THE PROBLEM: The response must consist of the lines from the one holding "4、红枣派,将面团隔着保鲜膜擀成薄片" through the final line of the entries, given again exactly and without any pictures.

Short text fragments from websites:

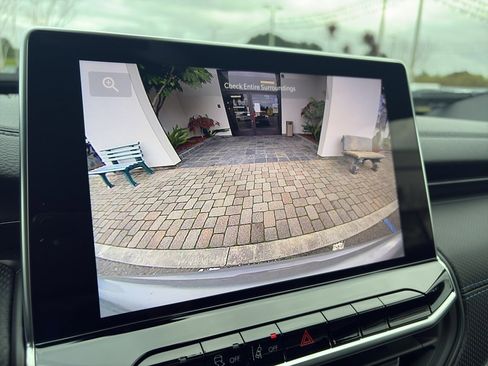 New 2026 Jeep Compass Latitude image 13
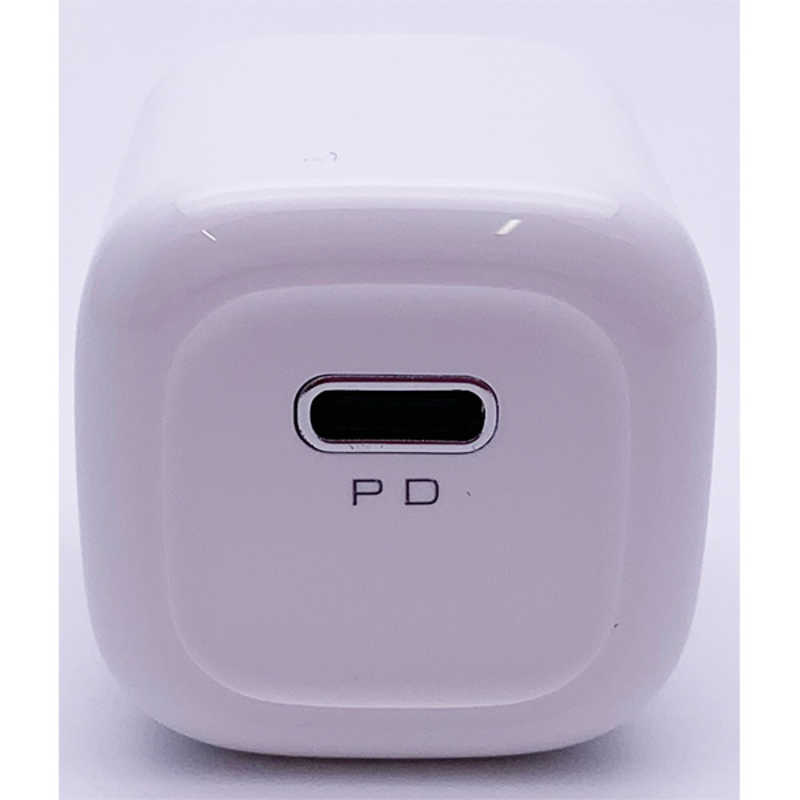 オズマ オズマ PD(PowerDelivery) 対応USB-AC充電器 3A 20W (Type-Cポート) ホワイト ACC-20PDMWH ACC-20PDMWH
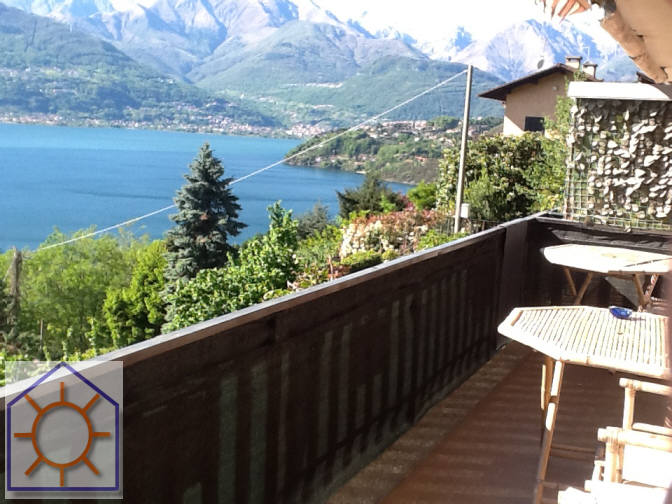 Dorio (LC) : Villa a schiera su tre livelli con meravigliosa vista lago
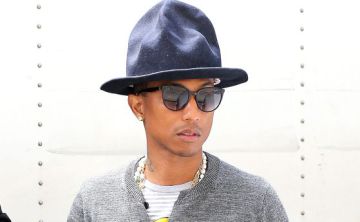 Pharrell Williams, con un sombrero diseñado por Vivienne Westwood. Pharrell Williams, con un sombrero diseñado por Vivienne Westwood.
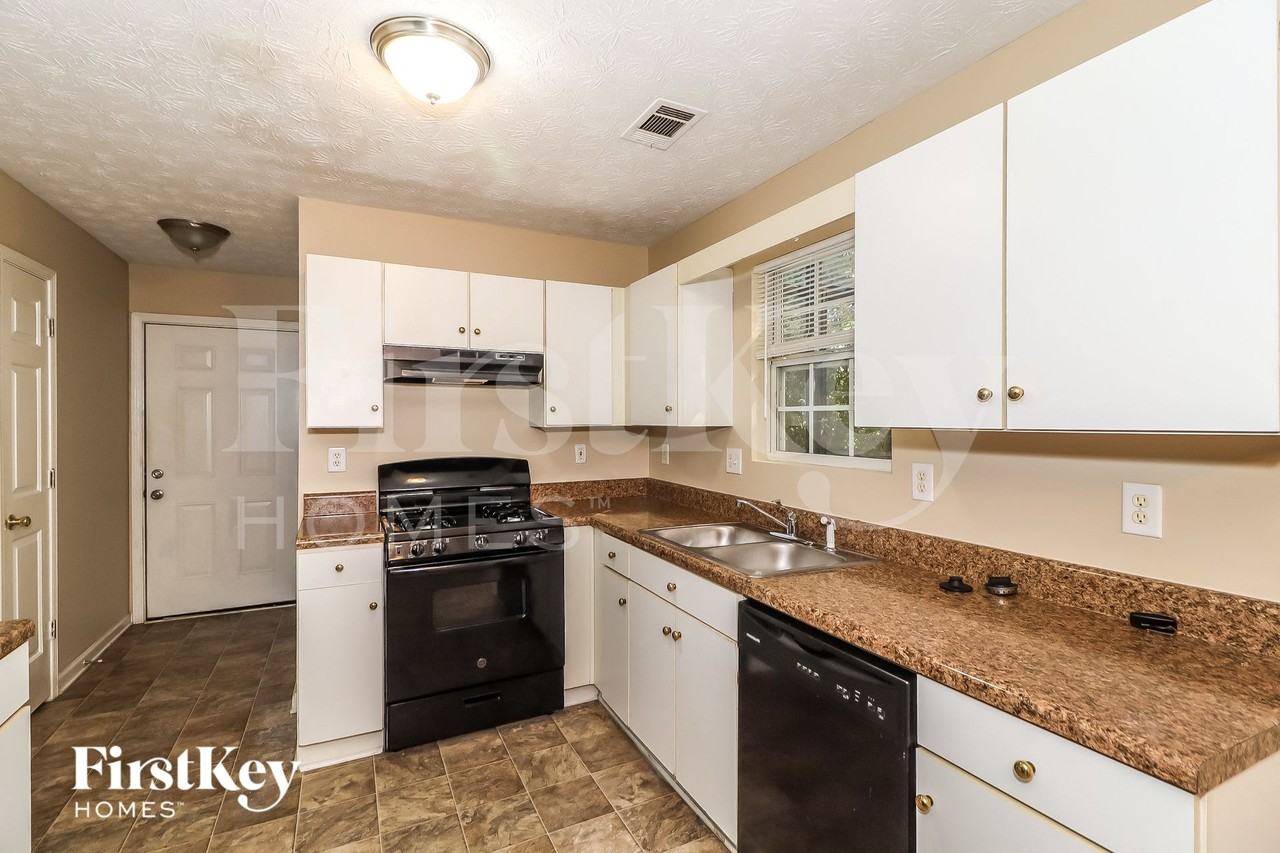 3155 Sentinel Pkwy - Photo 6 of 15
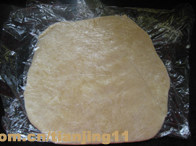 4、红枣派,将面团隔着保鲜膜擀成薄片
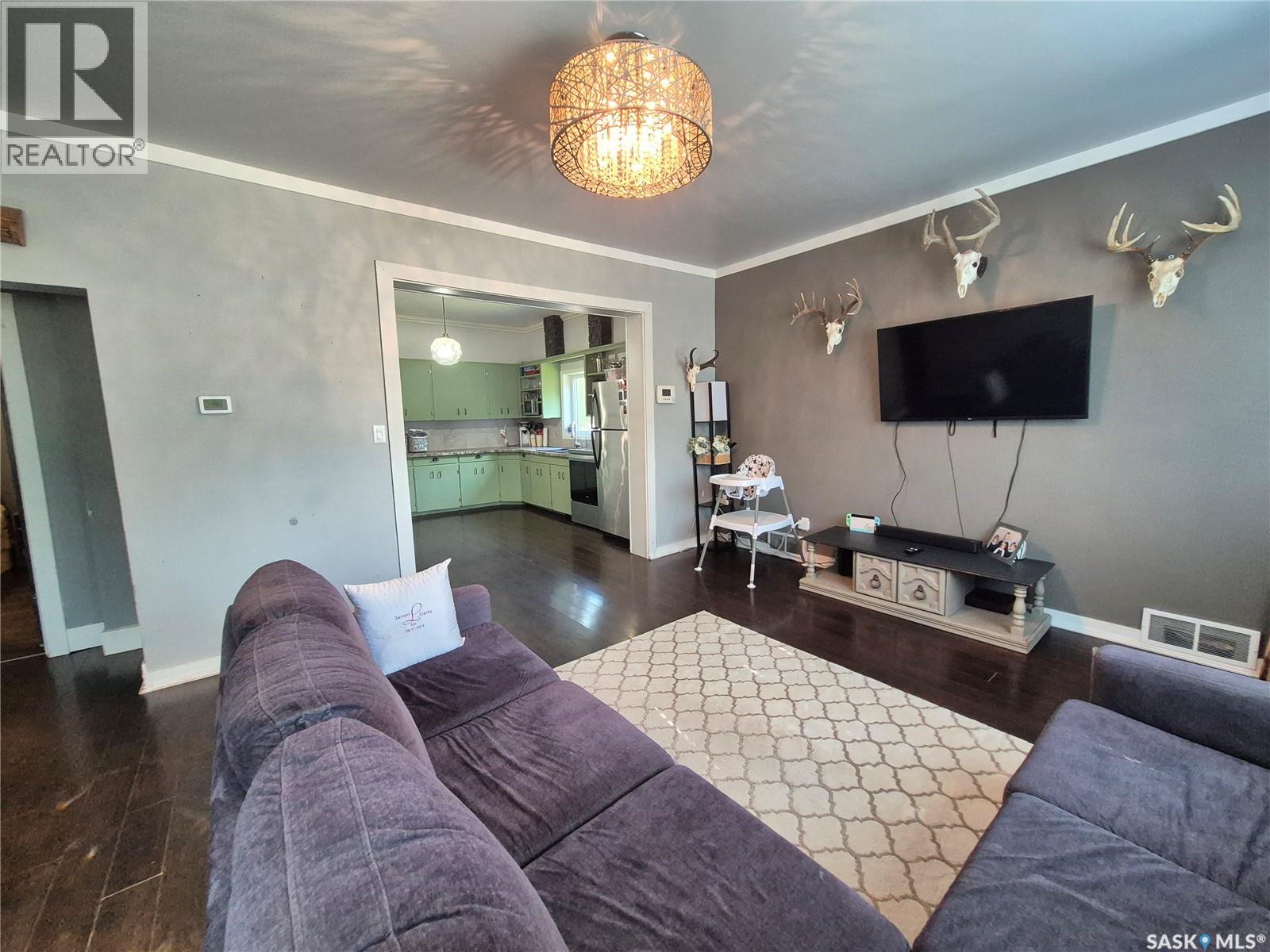729 Bertrand Avenue, Radville, Saskatchewan  S0C 2G0 - Photo 3 - SK044268
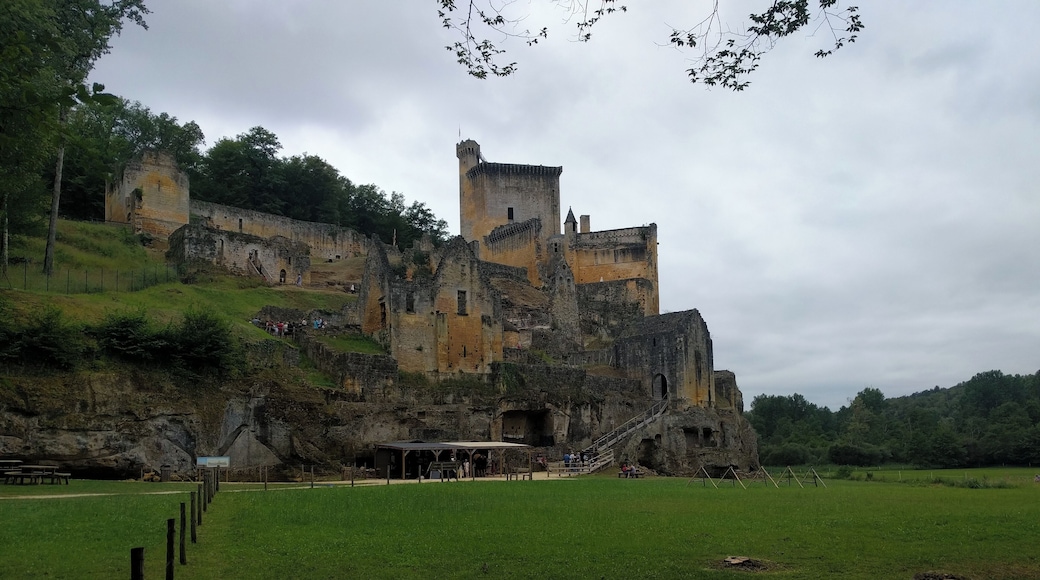 This building is indexed in the Base Mérimée, a database of architectural heritage maintained by the French Ministry of Culture, under the reference PA00082535 .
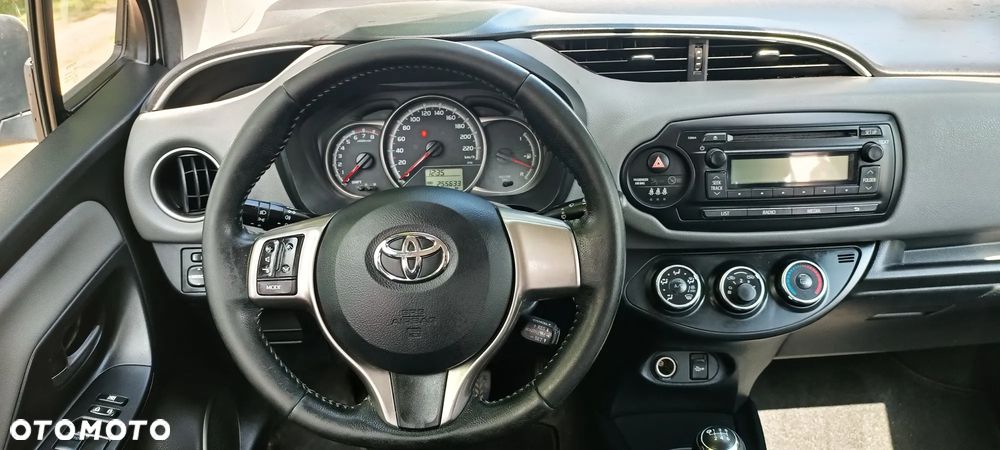 Toyota Yaris 1.33 Active EU6 - 8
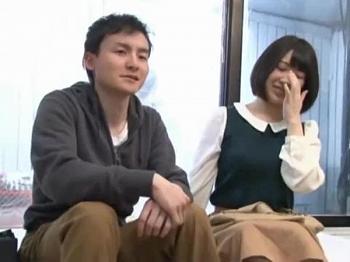 ＜モニタリング＞彼氏の目の前で童貞の友達にエッチな手ほどき！お金に目がくらみ筆おろし挿入までさせちゃう素人女子大生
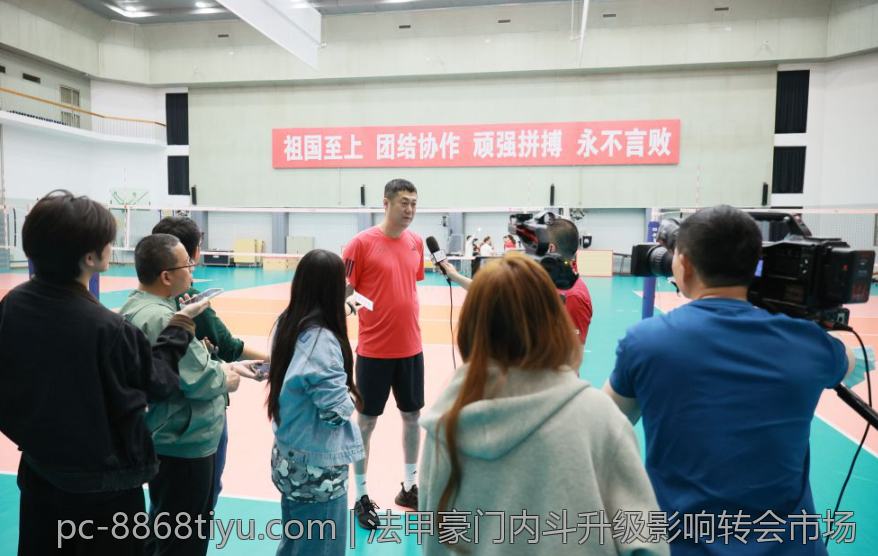 法甲豪门内斗升级影响转会市场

PROBLEM SOLUTION:
 4、红枣派,将面团隔着保鲜膜擀成薄片
729 Bertrand Avenue, Radville, Saskatchewan  S0C 2G0 - Photo 3 - SK044268
 This building is indexed in the Base Mérimée, a database of architectural heritage maintained by the French Ministry of Culture, under the reference PA00082535 .
 Toyota Yaris 1.33 Active EU6 - 8
 ＜モニタリング＞彼氏の目の前で童貞の友達にエッチな手ほどき！お金に目がくらみ筆おろし挿入までさせちゃう素人女子大生
 法甲豪门内斗升级影响转会市场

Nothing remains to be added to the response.